__Problem description__
What you output should match the data below exactly.

Web page caption snippets:
-------

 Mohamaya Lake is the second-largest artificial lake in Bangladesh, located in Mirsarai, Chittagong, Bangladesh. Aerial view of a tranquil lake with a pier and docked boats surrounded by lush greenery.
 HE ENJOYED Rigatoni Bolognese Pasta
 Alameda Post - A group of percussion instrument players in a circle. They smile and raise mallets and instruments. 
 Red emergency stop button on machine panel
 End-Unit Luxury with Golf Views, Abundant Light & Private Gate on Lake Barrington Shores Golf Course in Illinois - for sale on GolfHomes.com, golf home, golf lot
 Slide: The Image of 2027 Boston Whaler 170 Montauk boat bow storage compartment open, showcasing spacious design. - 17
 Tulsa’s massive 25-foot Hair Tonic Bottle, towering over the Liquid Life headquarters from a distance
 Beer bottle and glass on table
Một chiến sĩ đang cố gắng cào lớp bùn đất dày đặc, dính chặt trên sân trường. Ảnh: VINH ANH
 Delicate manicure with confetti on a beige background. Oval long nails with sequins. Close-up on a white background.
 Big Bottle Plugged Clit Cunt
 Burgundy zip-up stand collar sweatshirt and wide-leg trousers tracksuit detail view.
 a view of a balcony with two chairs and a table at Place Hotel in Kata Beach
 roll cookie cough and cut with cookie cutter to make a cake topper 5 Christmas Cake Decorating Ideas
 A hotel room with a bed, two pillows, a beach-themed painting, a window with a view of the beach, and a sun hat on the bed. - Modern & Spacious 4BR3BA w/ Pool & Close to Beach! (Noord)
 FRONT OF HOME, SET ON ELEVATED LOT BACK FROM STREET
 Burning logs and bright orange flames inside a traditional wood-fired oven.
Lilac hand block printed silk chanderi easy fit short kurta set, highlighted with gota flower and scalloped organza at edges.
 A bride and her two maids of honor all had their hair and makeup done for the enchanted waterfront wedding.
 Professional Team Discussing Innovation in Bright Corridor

-------

__Answer section__
 Mohamaya Lake is the second-largest artificial lake in Bangladesh, located in Mirsarai, Chittagong, Bangladesh. Aerial view of a tranquil lake with a pier and docked boats surrounded by lush greenery.
 HE ENJOYED Rigatoni Bolognese Pasta
 Alameda Post - A group of percussion instrument players in a circle. They smile and raise mallets and instruments. 
 Red emergency stop button on machine panel
 End-Unit Luxury with Golf Views, Abundant Light & Private Gate on Lake Barrington Shores Golf Course in Illinois - for sale on GolfHomes.com, golf home, golf lot
 Slide: The Image of 2027 Boston Whaler 170 Montauk boat bow storage compartment open, showcasing spacious design. - 17
 Tulsa’s massive 25-foot Hair Tonic Bottle, towering over the Liquid Life headquarters from a distance
 Beer bottle and glass on table
Một chiến sĩ đang cố gắng cào lớp bùn đất dày đặc, dính chặt trên sân trường. Ảnh: VINH ANH
 Delicate manicure with confetti on a beige background. Oval long nails with sequins. Close-up on a white background.
 Big Bottle Plugged Clit Cunt
 Burgundy zip-up stand collar sweatshirt and wide-leg trousers tracksuit detail view.
 a view of a balcony with two chairs and a table at Place Hotel in Kata Beach
 roll cookie cough and cut with cookie cutter to make a cake topper 5 Christmas Cake Decorating Ideas
 A hotel room with a bed, two pillows, a beach-themed painting, a window with a view of the beach, and a sun hat on the bed. - Modern & Spacious 4BR3BA w/ Pool & Close to Beach! (Noord)
 FRONT OF HOME, SET ON ELEVATED LOT BACK FROM STREET
 Burning logs and bright orange flames inside a traditional wood-fired oven.
Lilac hand block printed silk chanderi easy fit short kurta set, highlighted with gota flower and scalloped organza at edges.
 A bride and her two maids of honor all had their hair and makeup done for the enchanted waterfront wedding.
 Professional Team Discussing Innovation in Bright Corridor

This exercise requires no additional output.